Le 29 avril, la banque d’Algérie a décidé de baisser de ¼ de point son taux directeur le ramenant de 3,25 à 3%. Elle a aussi abaissé son taux de réserves obligatoire de 8 à 6%. Enfin, elle a relevé le seuil de refinancement des titres publics négociables[1]. Ces mesures viennent prolonger celles déjà prises pour limiter l’impact de la crise sanitaire. La banque d’Algérie avait en effet rapidement révisé ses conditions afin d’améliorer la liquidité des banques, en baissant son taux directeur et le taux de réserves obligatoires, respectivement de 3,5% à 3, 25% et de 10% à 8%, à partir du 15 mars 2020. Le 6 avril, elle avait aussi émis une instruction allégeant, exceptionnellement, certaines dispositions prudentielles en matière de liquidité, de fonds propres et de classement des créances[2].
Dans son communiqué en date du 29 avril, la banque d’Algérie avait exhorté les banques à adhérer à sa démarche, et à « prendre toutes les initiatives et déployer toutes les mesures à l’effet de mettre à la disposition des petites et moyennes entreprises, des start-ups et des investisseurs en général, une offre de crédit à un coût raisonnable, permettant ainsi à l’économie nationale d’évoluer vers des perspectives nouvelles (…) ».

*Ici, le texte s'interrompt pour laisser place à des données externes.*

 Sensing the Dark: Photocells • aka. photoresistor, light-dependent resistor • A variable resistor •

Il est assez difficile de dire si ces mesures sont effectives en pratique, peu d’informations transparaissant de la part des banques ou des entreprises. Par ailleurs, il faut signaler qu’une proportion importante des entreprises privées n’accèdent pas au crédit pour différentes raisons. Enfin parmi les entreprises privées qui accédaient au crédit, un nombre réduit d’entre elles avaient bénéficié de montants assez importants, sans commune mesure avec leur capacité à honorer le service de leur dette, ou même sans rapport avec leur actif net. Pour le reste des entreprises privées accédant au crédit, la crise actuelle et l’incertitude sur la reprise amène naturellement les banques à être prudentes. Afin de dépasser leurs réticences l’Etat aurait pu garantir exceptionnellement un montant d’emprunt équivalent à une proportion du chiffre d’affaire de ces entreprises, qu’elles aient ou non accédé auparavant au crédit.

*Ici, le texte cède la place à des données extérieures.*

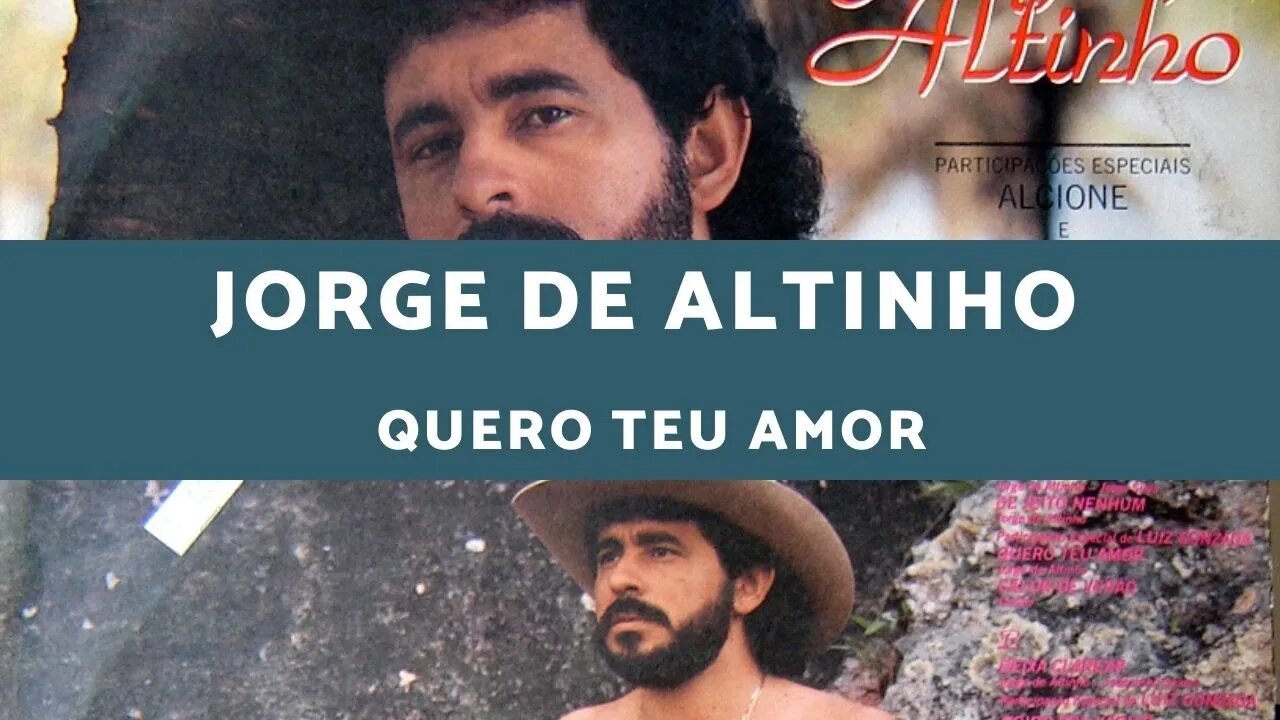 Jorge de Altinho - Quero Teu Amor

Paradoxalement c’est précisément à des risques avérés que l’Etat doit donner sa garantie de manière implicite ou explicite à travers la demande de crédit des entreprises publiques. S.N.T.F, Air Algérie, Sider, ont rendu publiques leurs difficultés de trésorerie, mais on peut se douter que les difficultés touchent une proportion beaucoup plus importantes des entreprises publiques. Et à moins d’une réforme audacieuse, l’habitude est que l’Etat enjoigne aux banques de les financer et ensuite épongera les dettes de ces entreprises avec une neme restructuration. Les créances non performantes sur le secteur privé, et les créances « à restructurer » sur les entreprises publiques montrent tout le non-sens d’un système bancaire algérien se détournant des besoins de financement des entreprises viables pour au contraire soutenir massivement, par injonction, des entreprises publiques ou privée, dont la plus faible orthodoxie bancaire l’aurait détourné.
Notes:
- ^ Echéances résiduelles inférieures à 1 an : de 90% à 95%, échéances résiduelles de 1 an à inférieures à 5 ans : de 80% à 90%, échéances résiduelles égales ou supérieures à 5 ans : de 70% à 85%.

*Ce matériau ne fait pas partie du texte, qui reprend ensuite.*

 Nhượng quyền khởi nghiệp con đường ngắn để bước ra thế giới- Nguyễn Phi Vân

- ^ Ces mesures étaient :Le seuil minimum du coefficient de liquidités est ramené à 60%[2]. Ce seuil était fixé depuis 2011 à 100%. C’est donc une contrainte très forte en matière de liquidité qui s’est vu relâchée.suppression de l’obligation de constitution du coussin de sécurité[2].Autorisation de reporter le paiement des tranches de crédits, arrivant à échéance, ou de procéder au rééchelonnement des créances de la clientèle ayant été impactée par la crise du Covid 19. Ces créances sont soustraites aux dispositions de l’article 07 du règlement n°2014-03 du 16 février 2014 relatif au classement et provisionnement des créances et des engagements En clair les créances relevant de ce dispositif vont être considérées comme des créances courantes et vont nécessiter un provisionnement minimal, ne dépassant pas 3%, tandis que leur classement « normal » (créances à problèmes potentiels, créances très risquées, ou créances compromises) aurait nécessité un provisionnement au taux minimum de 20 %, 50 % ou 100 % respectivement.Enfin, les banques et établissements financiers peuvent consentir de nouveaux crédits à la clientèle ayant bénéficié des mesures de report ou de rééchelonnement au titre de ce dispositif exceptionnel.